働くのにやる気などが感じられない人が多い割に、いわゆる、「働いている」時間は、世界的に見ても長いようなのです。

おそらく、昔はそうでなかったと思うのです。もちろん、みんなが共有する常識や環境が違ってきたのも一つの原因でしょう。しかし、米国の32%に比べても極端に低いのです。

この原因に関しては、いろいろな分析がされていますが、原因は1つではないという仮定から、ここでは、少し違った視点でお話したいと思います。

私の立場からは、日本の教育システムが、数十年もの間、現在の状況に合わないのにもかかわらず、同じことをしていることが原因だと思われます。

日本の教育の目的は、明らかに大学受験だけです。昔もそうだったのですが、昔の仕事は、むしろ中学レベルの知識が重要だったので、大学自体は単なるステータスでした。しかも、中学や高校だけ出ていても、充分社会的に成功できたという環境でもありました。

現在のように、技術も進んで、グローバル化が進む中でも、ほぼ同じような教育、つまり、公式を覚えて、それで解ける類題を早く正確に解くだけの訓練では、自ら仮定を立て、実践しながら、いろいろと構築していくような人材は育ちません。

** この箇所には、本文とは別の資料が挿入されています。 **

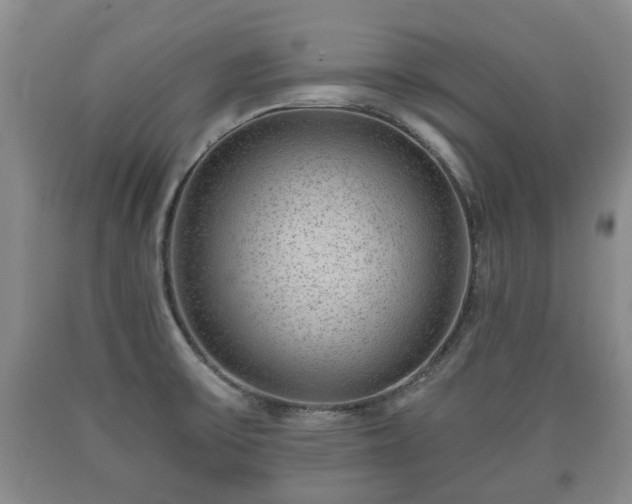 X0000090701475200707271058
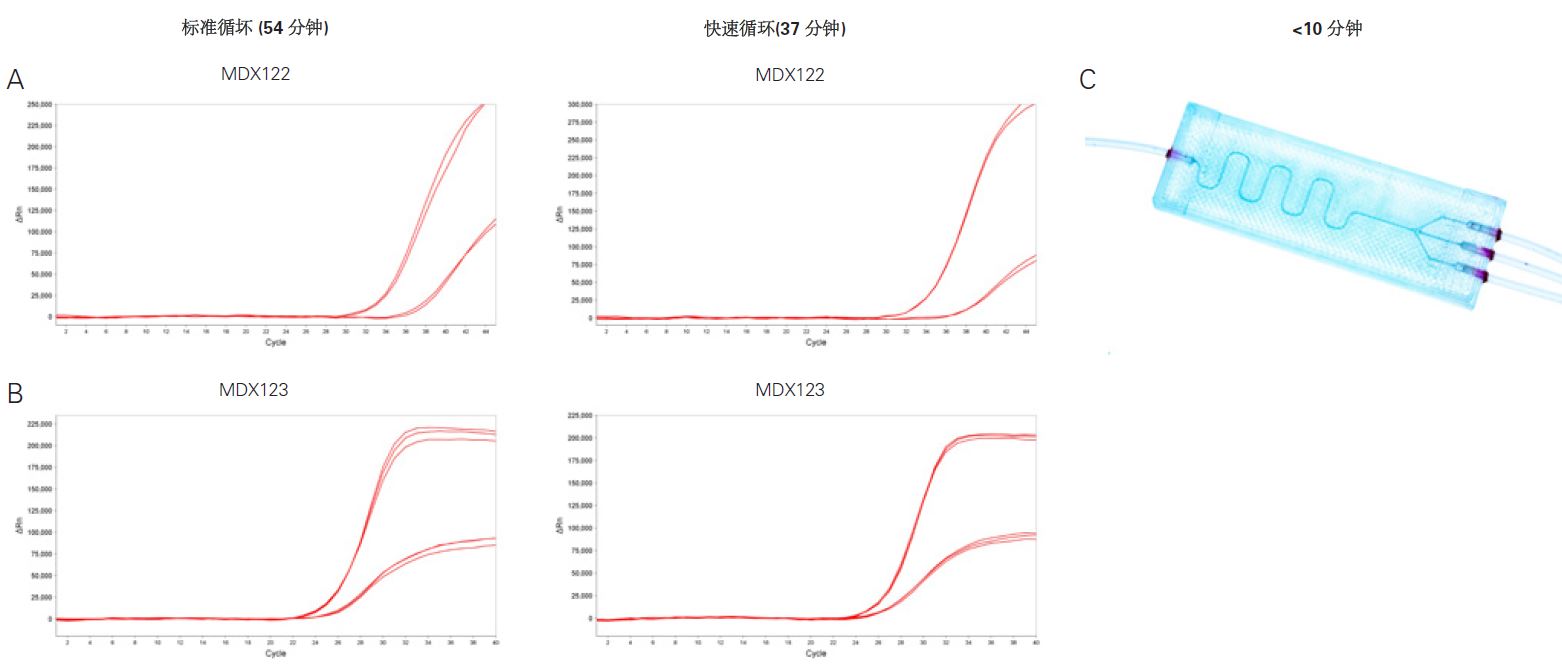 产品细节图片12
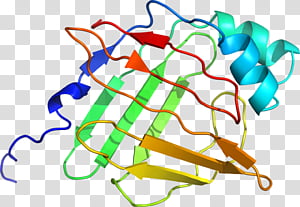 Line, Point, Area transparent background PNG clipart thumbnail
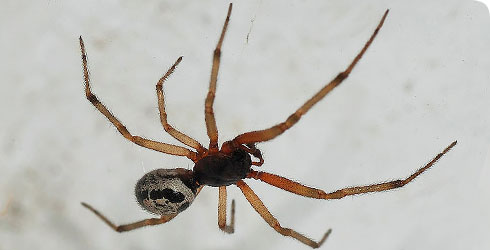 Noble False Widow Spider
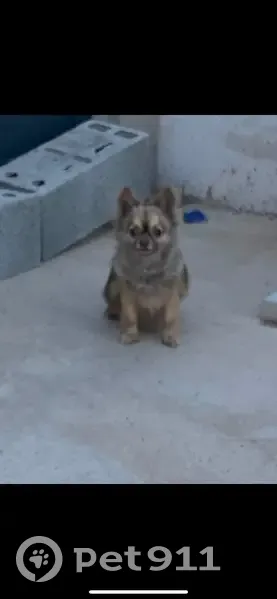 Chien perdu à Pomérols retrouvé - photo
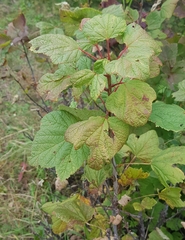 Ribes petraeum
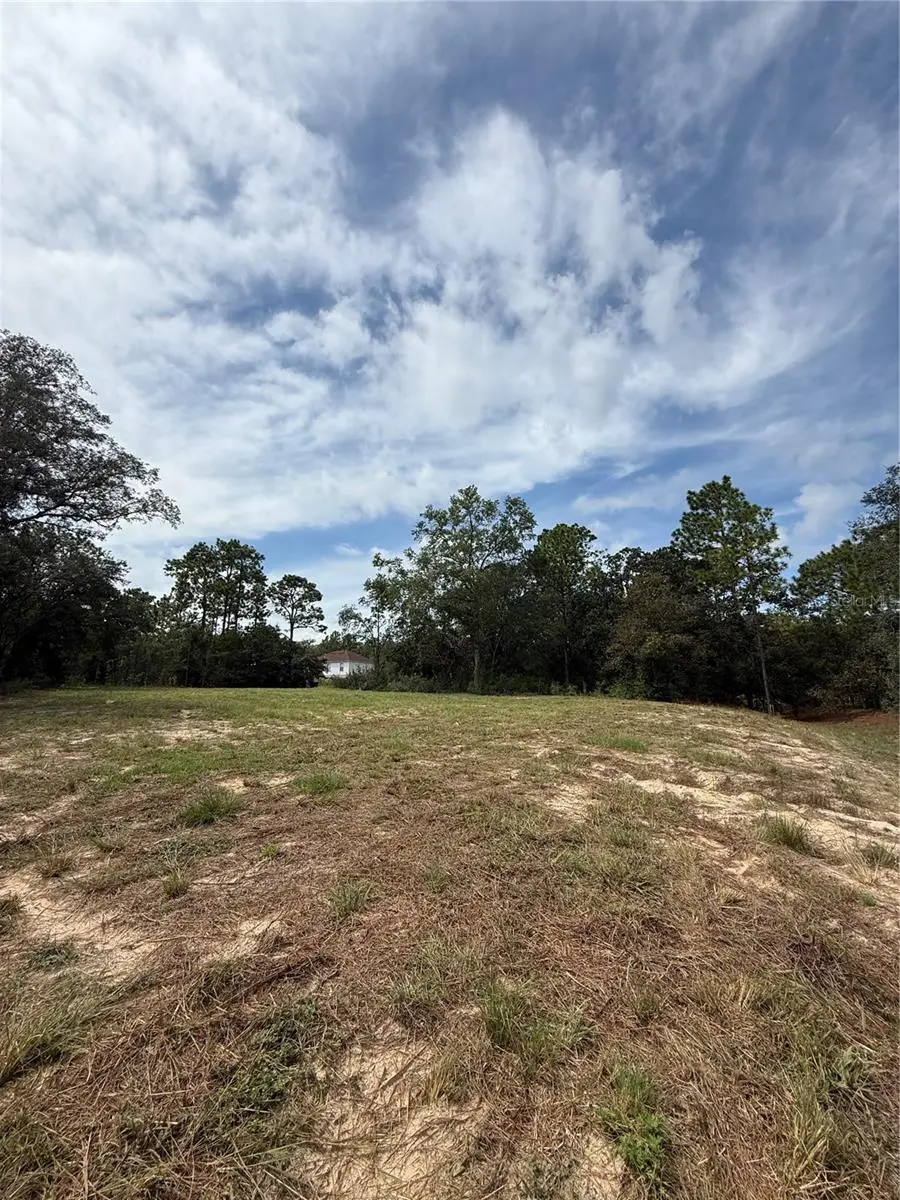 813 W Haguer Place, Dunnellon, FL 34434 - Image #2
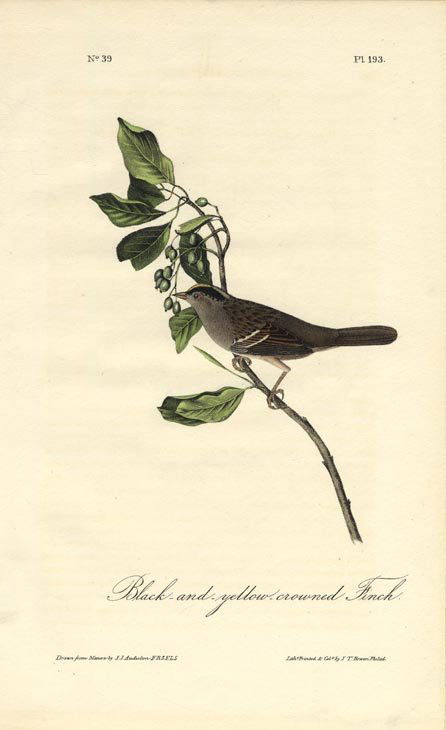 John James Audubon: Black & Yellow Crowned Finch, 1840 (1 of 1)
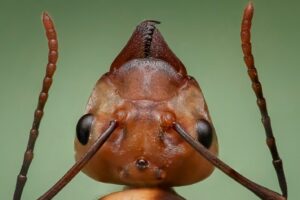 head of an ant
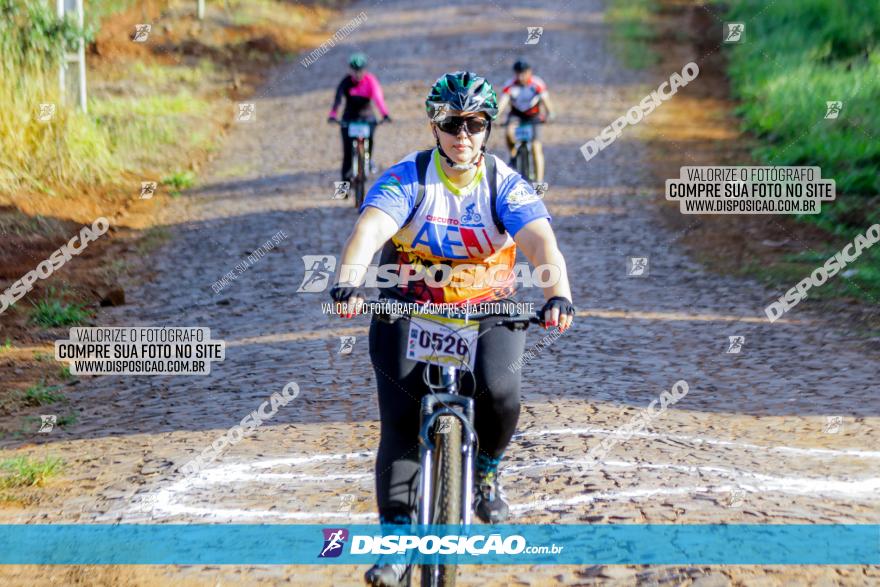 Circuito AEJ de Mountain Bike 2022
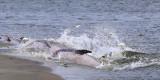 Dolphins strand feeding on finger mullet near Folly Beach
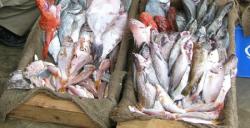 Tamda Ouguemoune: la mer, le soleil et... du poisson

教育システムの硬直化は、社会システムそのものに波及していきます。20歳くらいまでやってきたことを、急に変えることは、ほとんどの人にとって難しいのは当然ですよね。

危機感があっても、また、変えないといけないと思っても、どうやって変えたらよいかの教育を受けていなければ、結局、現状維持です。フラストレーションをためながら、とりあえず、職があって、給料をもらえれば、それでいいか、となってしまうのは、火を見るよりも明らかでしょう。

こういう視点から見ると、アメリカも似たような部分はあるのですが、アメリカでは、あまりしがらみを作らない文化があり、また、流動性もあり、学校も職場もやり直しがきくので、そういう自由なシステムが何とか受け皿を作っているのではと思います。

日本は、教育システム、社会システムともども硬直化してしまっているというのと、それを見ても見ぬふりする文化が、最悪な方向にしてしまっているような感じなのです。

解決法としては、現在の日本の教育システムを解体することでしょう。新規参入のための規制緩和、もちろん、緩和だけでは、劣化の方向に行くので、市民団体による監視や評価も社会的に広めていくことが必要です。

教育も人間の権利なので、国民が選べる、評価できる方向に行けば良いと思います。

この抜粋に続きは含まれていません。